Safer Spaces Agreement
This is a space in which we agree to observe and uphold the following ideas:
- Everyone has an equal right to be heard and an equal responsibility to listen.
- Those who are perhaps used to doing the talking, may feel it benefits them to do more listening, and vice versa. We should encourage everyone to participate equally and without worry of prejudice, persecution or dismissal.
- However strongly you feel about a particular topic, do not allow a discussion to get abusive.
- Any behaviour (including body language and verbal language) that demeans, marginalises, dominates, or perpetuates hierarchies, is not tolerated.
- Identify your won privilege(s) and actively challenge them.
- Be aware of the range of different identities (gender, race, class) that people may identify as, and avoid sweeping generalisations about people.
- Be aware that anyone in the space could be a survivor of a particular form of oppression, for example, violence and abuse, so it is therefore important to be aware of language or behaviour that may be triggering. It is also important to recognise that everyone has different experiences so refrain from speaking for another person’s experience as doing so may misrepresent their position and denies them of the right to speak for themselves and to own their experiences.
- Anyone who is responsible for any kind of violence, intimidation, or harassment will by their behaviour exclude themselves from the space (meeting/event etc.)
- If someone is feeling uncomfortable, do not hesitate to say so.
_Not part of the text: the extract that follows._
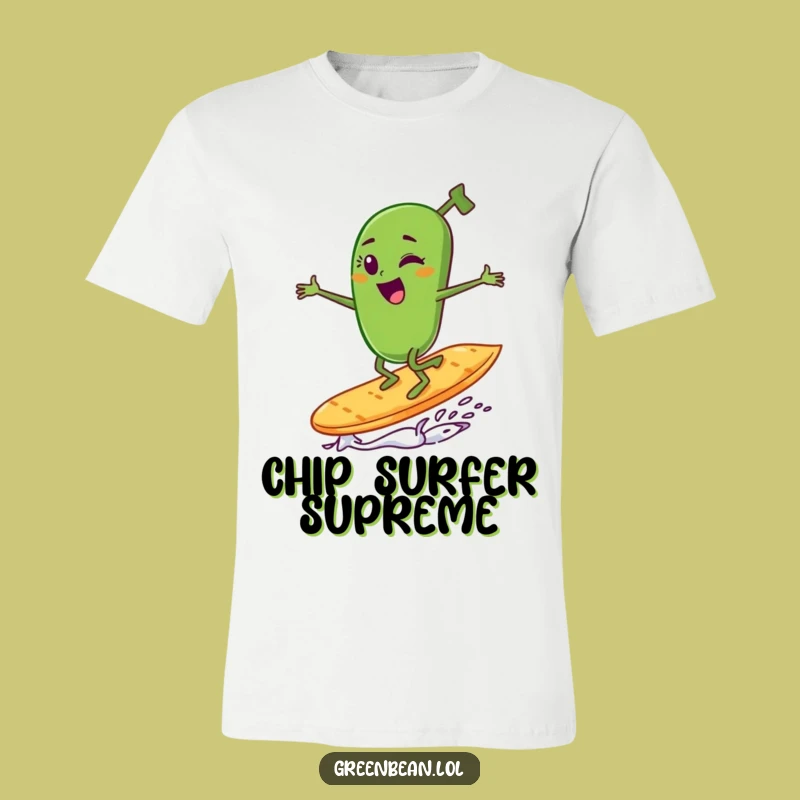 Funny Green Bean Surfer T-Shirt - Hilarious Wavy Chip Design Gift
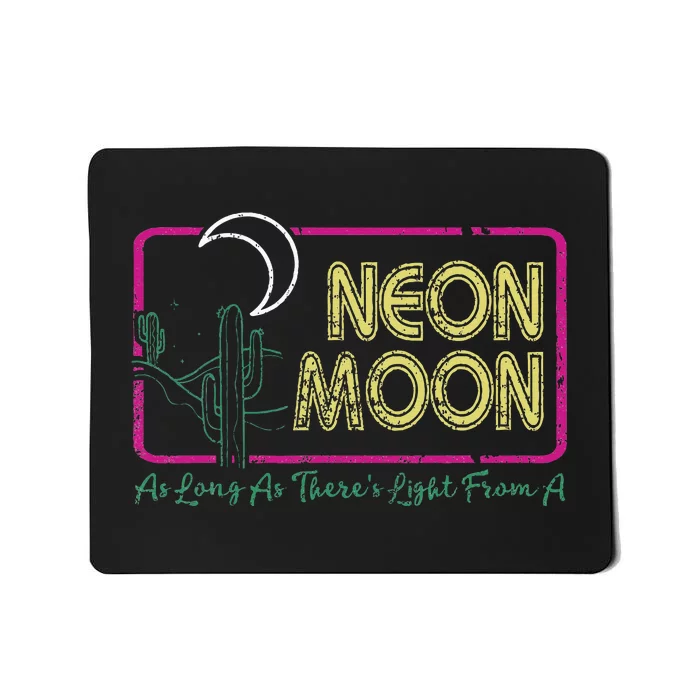 Vintage Retro Neon Moons Funny Lyrics Music 70s Cactus Mousepad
- By participating as Manchester Migrant Solidarity, you are doing so as an individual. We do not support just one political position, group or party, we each have our individual beliefs and practices and we all have the right to do so. The problem arises if this is not respected and interferes with the inclusive and plural nature of the group. Do not try to coerce others into adopting your particular ideology or join your group, it may be seen as harassment and consequently a breach of the safe space policy.
- Try using “I” language rather than using sweeping generalisations:
- If someone gets upset about something you have said, try to think about why that might be instead of getting defensive.
- If you don’t understand something, ask respectfully, and then listen to the answer you are given. If you are asked to explain something, do your best to explain it. Some participants may not be familiar with your argument, or its basis.
It is everyone’s responsibility to challenge prejudice and oppression. This list is not exhaustive and it is up to all of us to help create a space where everyone feels safe and included.